主催: 日本心理学会第84回大会準備委員会(東洋大学)大会長 大島尚
会議名: 日本心理学会第84回大会
回次: 84
開催地: 東洋大学白山キャンパス
開催日: 2020/09/08 - 2020/11/02
本研究の目的は,援助者と被援助者双方の視点から「他者へ助けを求めない若者(以下,非援助要請者)」を捉え,支援方法を検討することである。中学教員14名(男性8名,女性6名),悩みを他者に明かさなかった経験を持つ中学生12名(男性4名,女性8名)および20-30代の若者16名(男性6名,女性10名)に半構造化インタビューを実施した。
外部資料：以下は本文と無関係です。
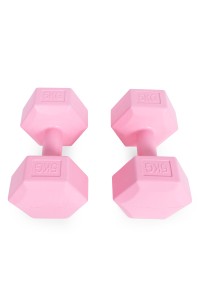 Hantle sześciokątne zestaw 2x5 kg ciężarki do ćwiczeń obciążniki fitness różowe MOVEPRO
教員には,援助を要すると判断したきっかけからエピソードの帰結までを,中学生と若者には,悩みの内容と援助要請しなかった理由,他者の言動に対する評価を語ってもらった。非援助要請者視点の28事例と,帰結が明確な教師視点の27事例を佐藤(2015)に倣って分析した。その結果,非援助要請者は直接的支援よりも承認的態度やモデルとなる存在等の間接的支援を有効と認識していること,また帰結が良好な事例で教師による間接的介入が共通していたことから,間接的介入の重要性が示された。さらに,当時は自覚していなかった親との軋轢に関する若者の語りが複数見られたことから,中学生のストレス認識や言語化の難しさと,問題認識が低いが故に他者に援助を求めるという発想がない者にも可能な介入を開発する必要性が示唆された。